Dauernd gibt es irgendwo einen Konflikt

Jörg Tauss sitzt im Wohnzimmer des Hauses gegenüber, im Erdgeschoss eine Metzgerei, oben haben er und seine Frau vier Zimmer zur Miete bezogen, die waren gerade frei. Es ist ein wenig eng und das Gegenteil ihres eigenen Hauses gegenüber, das man aus dem Fenster sieht. Das alte Leben. Ohne die Diäten als Abgeordneter sei nicht genug Geld da, um das Haus abzuzahlen, die Rente gibt es erst mit 67. Bis dahin sind es noch zwölf Jahre, die es zu füllen gilt.

Jörg Tauss hat noch einen Vertrag bei der IG Metall, er war dort einmal Pressesprecher und ist jetzt beurlaubt. "Denen werde ich meine Arbeitskraft anbieten", sagt er, ahnt aber gleichzeitig, dass er dort nicht unbedingt sehnlichst erwartet wird.

Warum immer dieser Streit?

Es gab Streit, weil Tauss im Bundestag Positionen vertreten hat, die man bei der IG Metall nicht so gut findet.
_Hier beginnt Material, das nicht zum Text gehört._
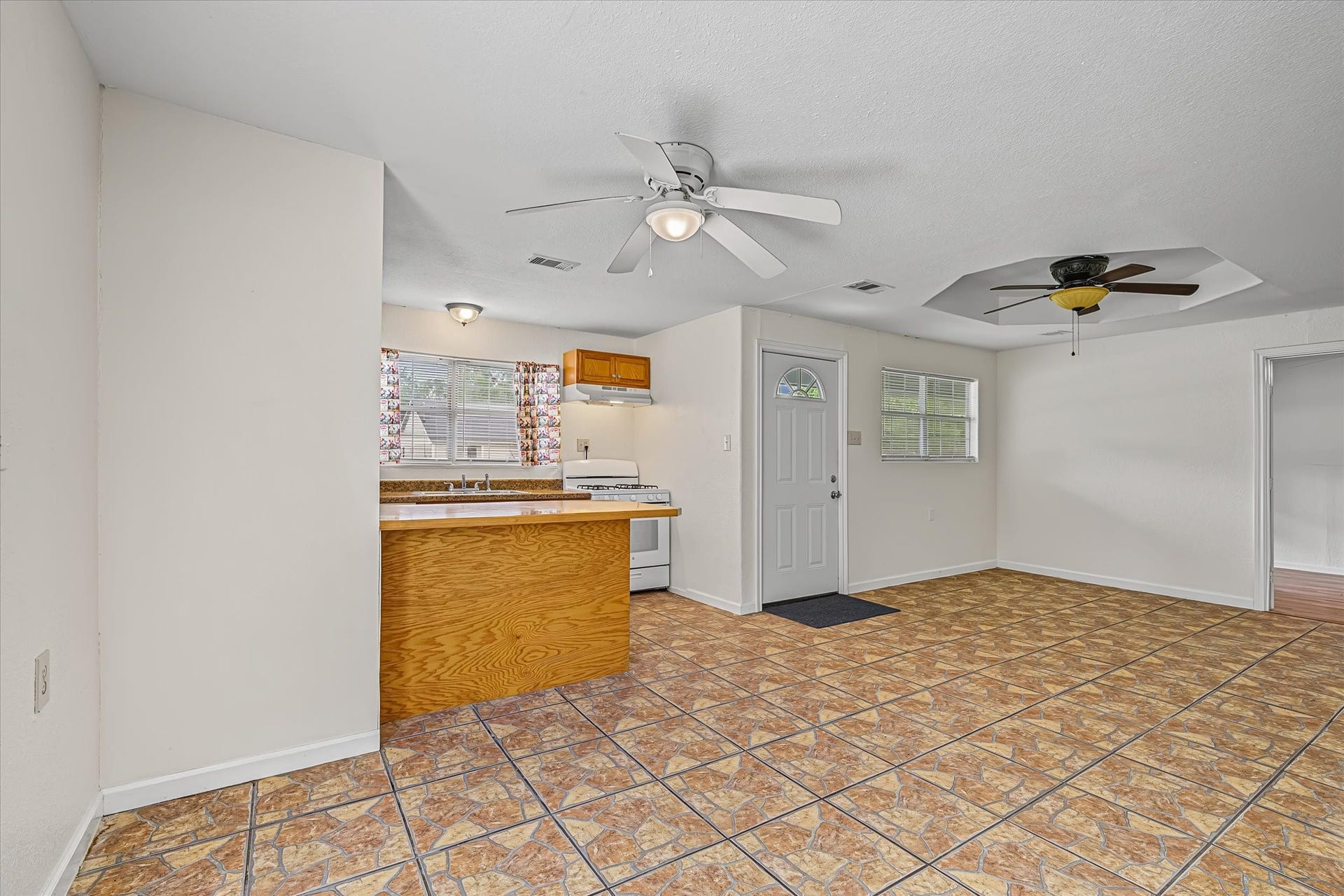 612 Harvey Street, Clute, TX 77531 612 Harvey Street, Clute, TX 77531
Es ist überhaupt oft sehr schwierig in den Beziehungen von Jörg Tauss zu seiner Umgebung. Er ist ein freundlicher Mensch, der schauen kann wie eine Mischung aus einem treuen Bernhardiner und einer Eule.

Dauernd aber gibt es irgendwo einen Konflikt: Mit Peter Struck, dem Fraktionschef in Berlin, hatte er Zoff, früher wurde er einmal aus der Gewerkschaft ausgeschlossen, das muss man auch erst einmal schaffen. Das Verhältnis zur SPD-Landtagsfraktion in Stuttgart, wo er Generalsekretär war, ist völlig zerrüttet. Ute Vogt, die SPD-Landeschefin in Baden-Württemberg, mit der er ein Büro teilte und lange befreundet ist, war am Samstag die erste, die ihn aufforderte, sein Mandat zurückzugeben.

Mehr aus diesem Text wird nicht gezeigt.